David
Leadbetter

David Leadbetter Master PGA: The Coach

About:

– The world’s most famous golf coach

– Helped Nick Faldo rebuild his swing

– Puts his name to global network of academies

“I love golf – I always wanted to be in golf, I always wanted to be part of golf. All our children are into golf, my wife was on the LPGA Tour.

“I actually gave my first golf lessons aged 17 – and I’m now 67.

“If you’re going to be a coach you’ve got to have that passion to help people. And if you do well and create a great reputation then financially you can do well too.

“I’m still learning every day – even at my age. You only get out of it what you put into it.

“I think coaching and teaching is a wonderful profession.

“There are a lot of people out there applying for jobs so what’s going to make the difference? Well, probably your qualifications and the fact The PGA can help you to go above and beyond.

“I advise young players to get themselves educated and learn as much as they can.

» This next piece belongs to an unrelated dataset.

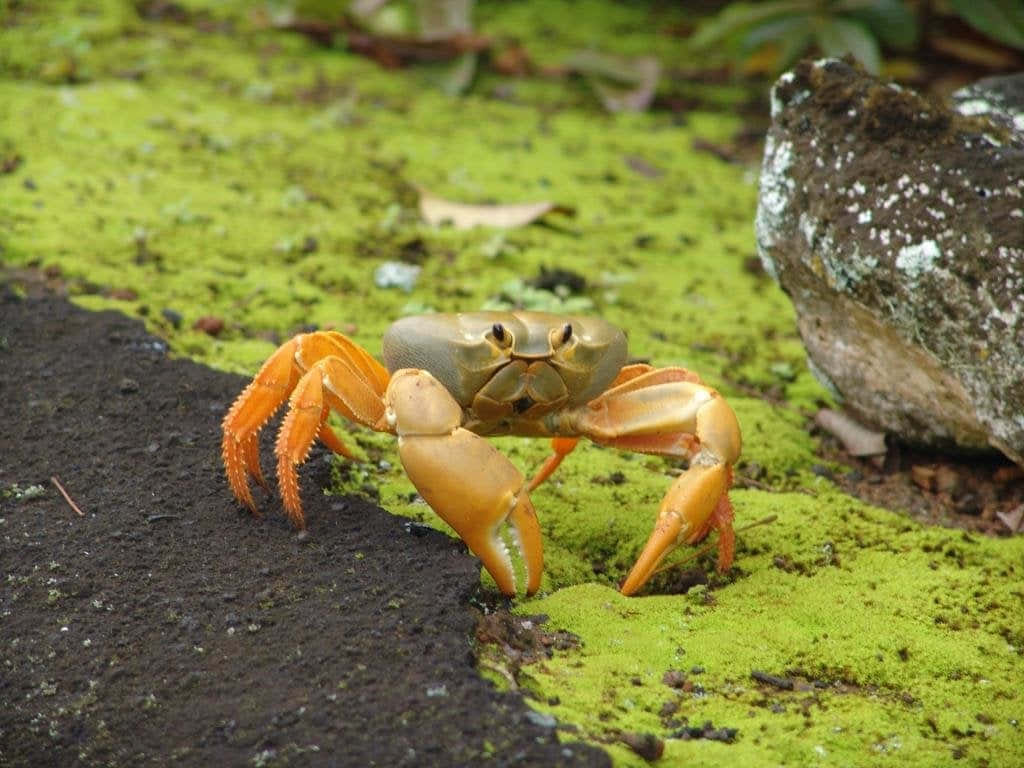 一隻藍蟹坐在海灘上 壁紙 — 一隻鮮橙色的大鉗蟹站在長滿苔蘚的綠色地面上，旁邊有一塊深色泥土和一塊風化的岩石。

“I was born in Worthing but we emigrated to Zimbabwe when I was seven and so I spent my formative years with the likes of Nick Price, Mark McNulty, Tony Johnstone and Dennis Watson.

“I was sports-mad. When I started golf I fell in love with the game and got to a reasonable level before Chapman Golf Club’s pro took me under his wing and offered me an assistant’s job at the age of 17.

“Even if I didn’t make it as a player I knew that I just loved the golf scene itself.

“I enjoyed coaching from the start – I always had my nose in books like Ben Hogan’s Five Fundamentals.

“I decided in 1970 to join the British PGA – not just for the education programme, but because I felt that being part of an organisation gave you a lot of status in the world of golf.

“I got an opportunity to go to the States to coach. My PGA membership was part of my job interview – I can still remember. It opened doors.

“I opened an academy in central Florida – and the rest is history.

“Now we’ve started doing the Leadbetter University Course with The PGA.

“It’s hard graft in the golf business – dawn to dusk.

“You’ve got to love it. The PGA is a brotherhood. It brings people together. You feel like you’re part of something. And that’s a big thing to me.

“It’s an all-encompassing career and the start should be to join The PGA and learn as much as you can from the person you work for – generally a dedicated PGA Professional.”